Scraped caption text data:
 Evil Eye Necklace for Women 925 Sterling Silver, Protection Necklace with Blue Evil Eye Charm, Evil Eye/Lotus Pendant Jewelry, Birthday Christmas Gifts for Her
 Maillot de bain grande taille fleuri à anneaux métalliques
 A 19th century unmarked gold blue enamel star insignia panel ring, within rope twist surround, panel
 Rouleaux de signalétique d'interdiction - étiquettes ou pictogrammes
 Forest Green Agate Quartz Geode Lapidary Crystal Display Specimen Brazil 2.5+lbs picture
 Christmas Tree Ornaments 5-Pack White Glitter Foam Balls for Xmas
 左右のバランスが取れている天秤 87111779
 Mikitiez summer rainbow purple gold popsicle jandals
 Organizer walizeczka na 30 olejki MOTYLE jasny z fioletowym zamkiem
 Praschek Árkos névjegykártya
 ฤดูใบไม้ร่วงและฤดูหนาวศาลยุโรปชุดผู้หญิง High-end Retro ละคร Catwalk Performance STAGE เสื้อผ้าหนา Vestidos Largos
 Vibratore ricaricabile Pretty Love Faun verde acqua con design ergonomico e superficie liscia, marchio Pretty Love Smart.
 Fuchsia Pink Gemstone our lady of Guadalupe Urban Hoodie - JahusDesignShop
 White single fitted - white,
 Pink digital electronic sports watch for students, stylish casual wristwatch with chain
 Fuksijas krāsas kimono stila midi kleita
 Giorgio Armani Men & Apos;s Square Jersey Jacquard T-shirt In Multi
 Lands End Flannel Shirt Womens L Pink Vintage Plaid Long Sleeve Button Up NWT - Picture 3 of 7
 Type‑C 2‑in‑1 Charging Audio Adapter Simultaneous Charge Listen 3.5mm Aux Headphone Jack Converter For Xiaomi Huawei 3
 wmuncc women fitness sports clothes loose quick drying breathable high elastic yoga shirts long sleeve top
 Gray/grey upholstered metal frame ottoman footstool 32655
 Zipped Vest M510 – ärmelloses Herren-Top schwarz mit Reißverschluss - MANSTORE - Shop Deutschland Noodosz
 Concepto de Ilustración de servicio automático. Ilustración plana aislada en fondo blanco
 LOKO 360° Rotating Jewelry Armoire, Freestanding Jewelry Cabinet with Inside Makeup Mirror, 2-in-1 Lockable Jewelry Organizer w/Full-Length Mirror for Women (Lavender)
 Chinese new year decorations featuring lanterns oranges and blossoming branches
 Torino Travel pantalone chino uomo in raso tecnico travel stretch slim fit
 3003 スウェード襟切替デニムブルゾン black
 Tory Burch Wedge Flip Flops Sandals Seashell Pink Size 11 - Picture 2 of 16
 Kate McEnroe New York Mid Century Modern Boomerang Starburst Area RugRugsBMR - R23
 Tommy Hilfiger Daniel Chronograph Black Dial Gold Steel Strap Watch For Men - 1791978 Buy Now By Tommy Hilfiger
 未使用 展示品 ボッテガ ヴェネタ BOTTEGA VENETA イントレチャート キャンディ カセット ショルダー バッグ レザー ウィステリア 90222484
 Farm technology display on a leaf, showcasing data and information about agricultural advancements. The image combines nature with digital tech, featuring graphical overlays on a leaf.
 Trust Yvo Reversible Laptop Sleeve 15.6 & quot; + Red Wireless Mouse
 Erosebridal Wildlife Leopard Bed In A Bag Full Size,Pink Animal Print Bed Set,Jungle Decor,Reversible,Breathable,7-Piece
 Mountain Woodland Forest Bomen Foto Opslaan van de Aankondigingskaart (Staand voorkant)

## Task
Within the data above, the lines from the one with "Concepto de Ilustración" to the one with "Torino Travel pantalone" must be repeated exactly; no other line belongs in the answer.

## Answer box
 Concepto de Ilustración de servicio automático. Ilustración plana aislada en fondo blanco
 LOKO 360° Rotating Jewelry Armoire, Freestanding Jewelry Cabinet with Inside Makeup Mirror, 2-in-1 Lockable Jewelry Organizer w/Full-Length Mirror for Women (Lavender)
 Chinese new year decorations featuring lanterns oranges and blossoming branches
 Torino Travel pantalone chino uomo in raso tecnico travel stretch slim fit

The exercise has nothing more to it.